START Source material

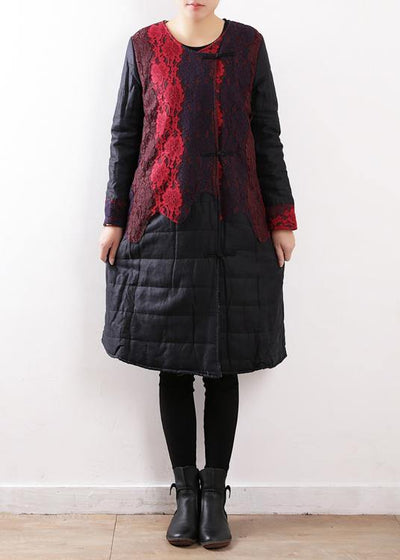 winter new original design women art disc buckle linen stitching lace thick padded jacket cotton coat robe - SooLinen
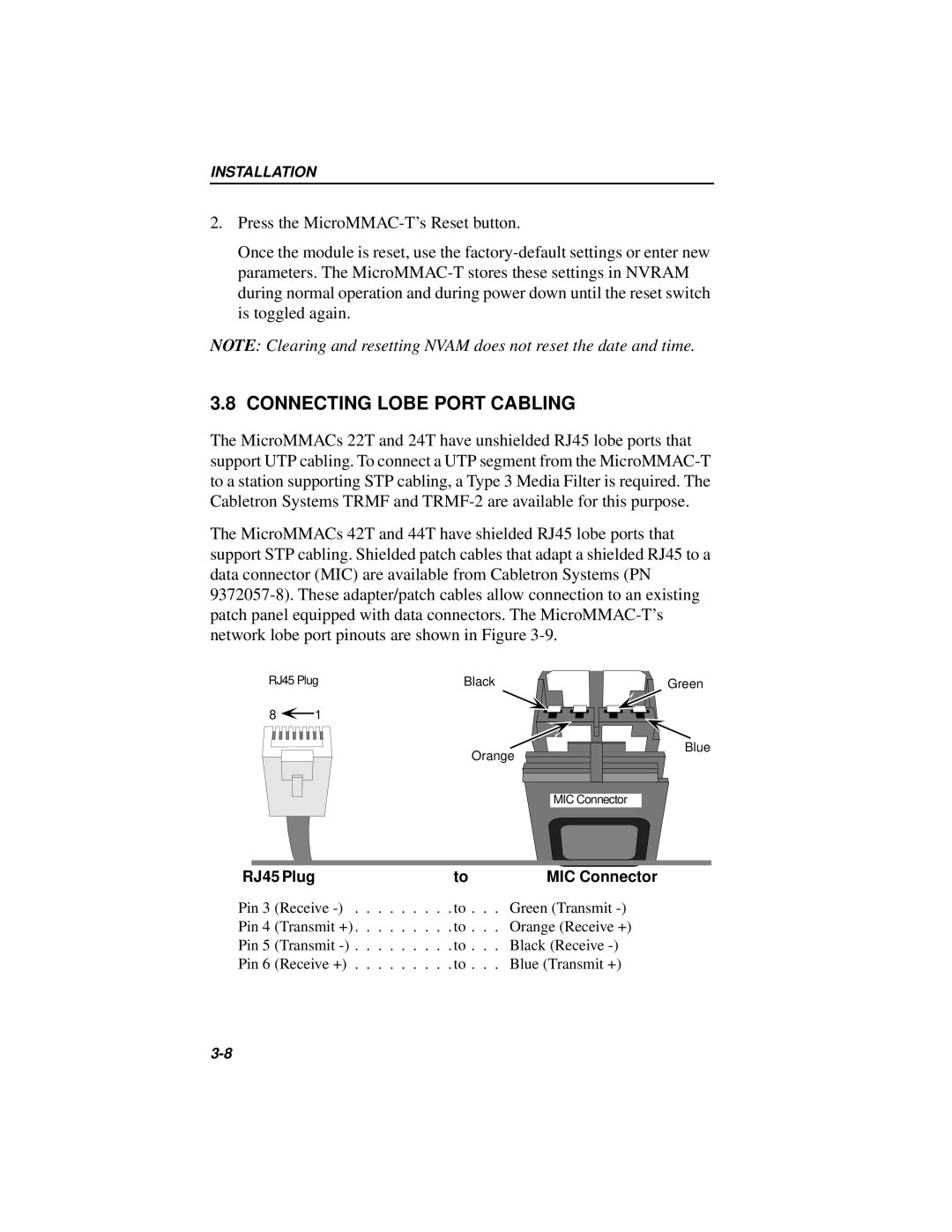 Cabletron Systems MICROMMAC-22T, 42T manual Connecting Lobe Port Cabling, RJ45 Plug MIC Connector 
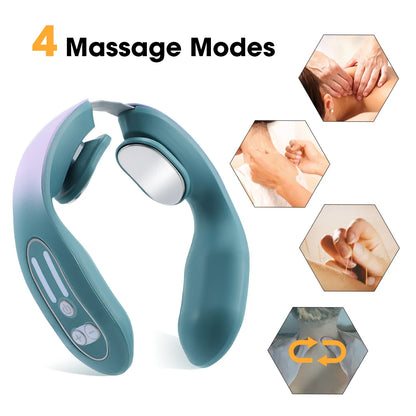 Electric Neck Massager TENS 12 Gears Cervical Neck Massager Shoulder Cervical Hot Compress Heat Relaxation Leedoar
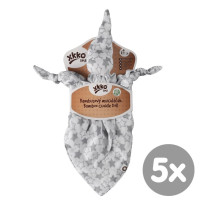 XKKO BMB Bambus-Schnuffeltuch - Little Stars Silver 5x1St. (GH Packung)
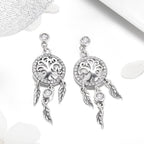 925 Sterling Silver Oxidized Pavé Setting CZ Earrings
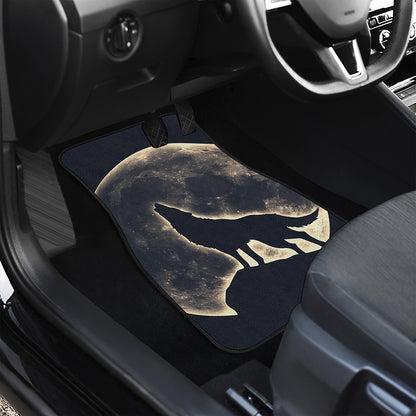 Full Moon Howling Wolf Print Front and Back Car Floor Mats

END Source material

## Goal of the exercise
Starting from the first line of the entries above, print each line exactly until the line containing "XKKO BMB Bambus-Schnuffeltuch" has been printed, and skip the pictures.

## Task result
 winter new original design women art disc buckle linen stitching lace thick padded jacket cotton coat robe - SooLinen
 Cabletron Systems MICROMMAC-22T, 42T manual Connecting Lobe Port Cabling, RJ45 Plug MIC Connector 
 Electric Neck Massager TENS 12 Gears Cervical Neck Massager Shoulder Cervical Hot Compress Heat Relaxation Leedoar
 XKKO BMB Bambus-Schnuffeltuch - Little Stars Silver 5x1St. (GH Packung)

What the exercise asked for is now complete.